Em resposta, Trump alternou entre sugerir o controle americano sobre a hidrovia e delegar a responsabilidade a outros países. “Os países do mundo que recebem petróleo pelo Estreito de Ormuz precisam cuidar daquela passagem”, declarou Trump. No entanto, analistas alertam que um cessar-fogo sem um plano claro para reabrir o estreito pode deixar a artéria estratégica nas mãos do Irã, prolongando o choque econômico. A situação atual já permite ao Irã arrecadar altas receitas com petróleo, graças aos preços mais elevados.
Consequências Geopolíticas e o Precedente para a China
A forma como os EUA gerenciam a crise no Estreito de Ormuz pode estabelecer um precedente perigoso para a segurança marítima global. Se os EUA deixarem de contestar as reivindicações territoriais expansivas da China nos mares do Sul e do Leste da China, isso pode encorajar Pequim a aumentar sua influência marítima. Emma Salisbury, pesquisadora do Foreign Policy Research Institute, questiona: “Se os EUA não têm capacidade de impor a liberdade de navegação no Estreito de Ormuz, o que impede então a Marinha do Exército de Libertação Popular de forçar um pouco mais a barra no Mar do Sul da China?”.

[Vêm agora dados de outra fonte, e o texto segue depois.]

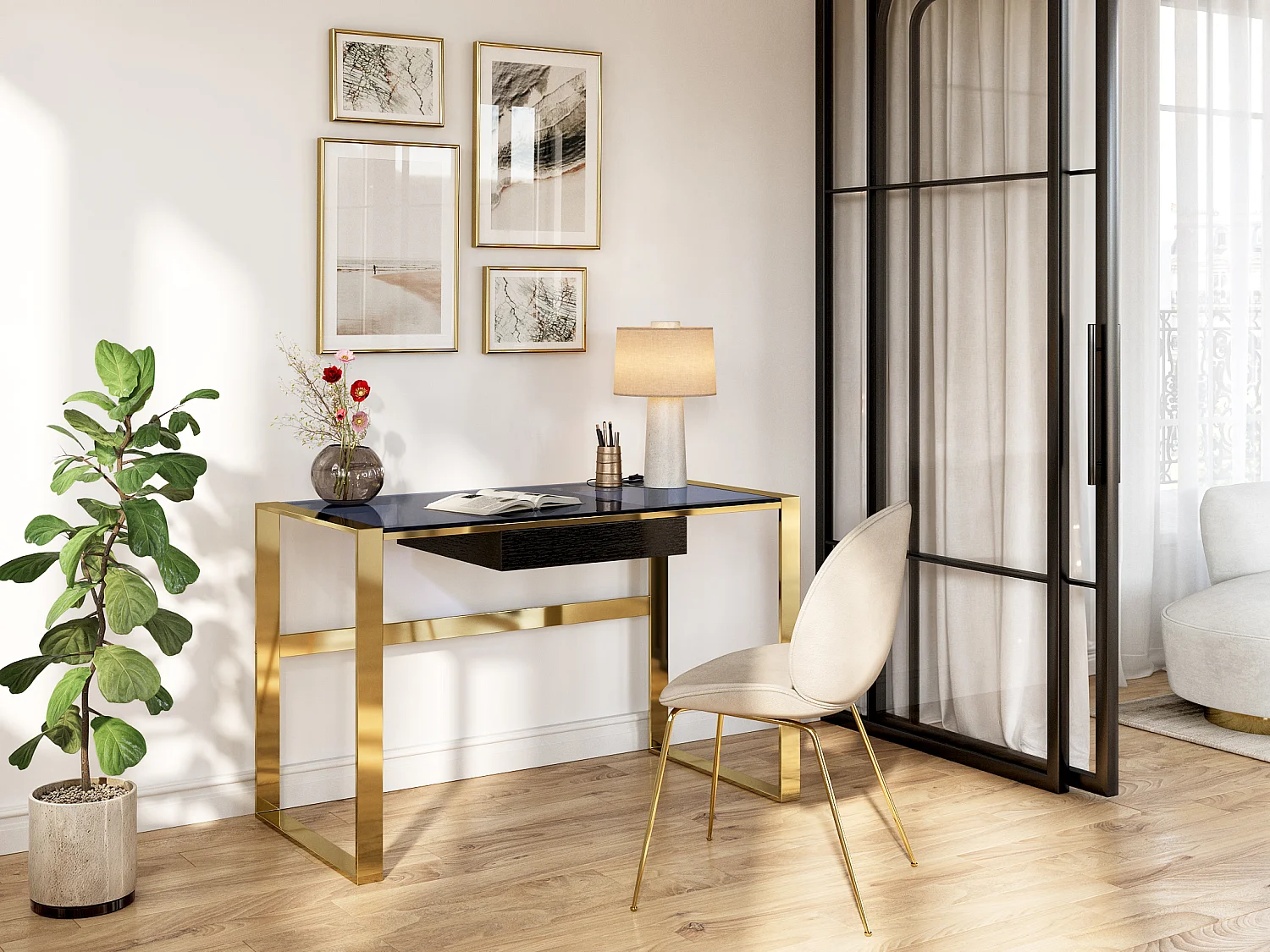 Bureau SALI - 1 lade - Gehard glas en staal - Zwart en goudkleurig - Koop nu online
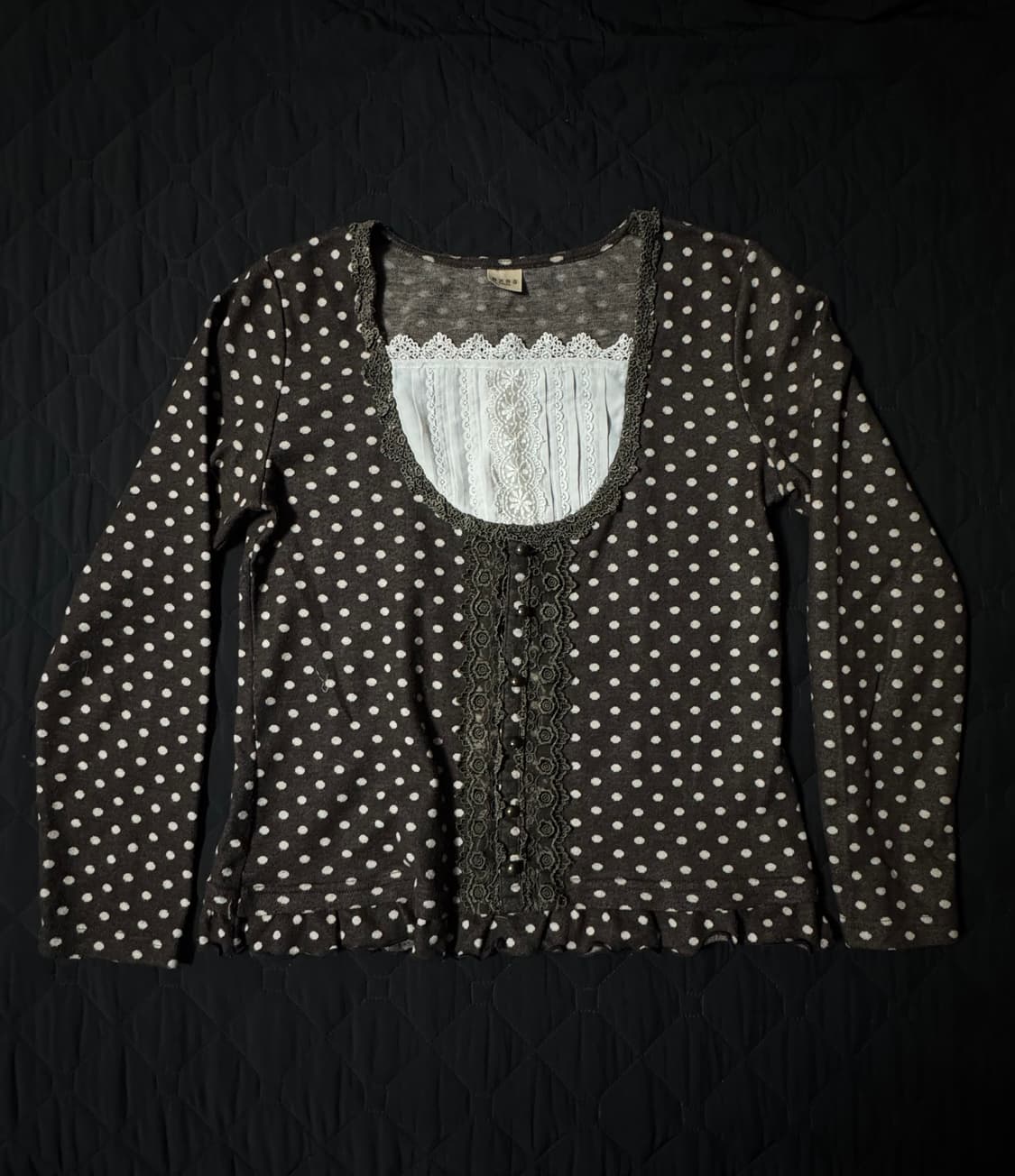 [axes femme] 앤틱 도트 프릴 티셔츠 상품이미지1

Essa potencial mudança na dinâmica de poder marítimo está levando países a fortalecerem suas capacidades e a coordenarem defesas. A Europa, embora menos dependente diretamente de Ormuz, está revisando como proteger rotas marítimas globais. Se os EUA forem vistos como incapazes ou indispostos a manter as principais hidrovias abertas, outros países podem ter que assumir mais riscos e ajustar suas estratégias de defesa. A credibilidade dos EUA como garantidor da navegação desimpedida em vias cruciais sofreria um golpe significativo, conforme aponta Lucio Blanco Pitlo III, analista filipino de política externa.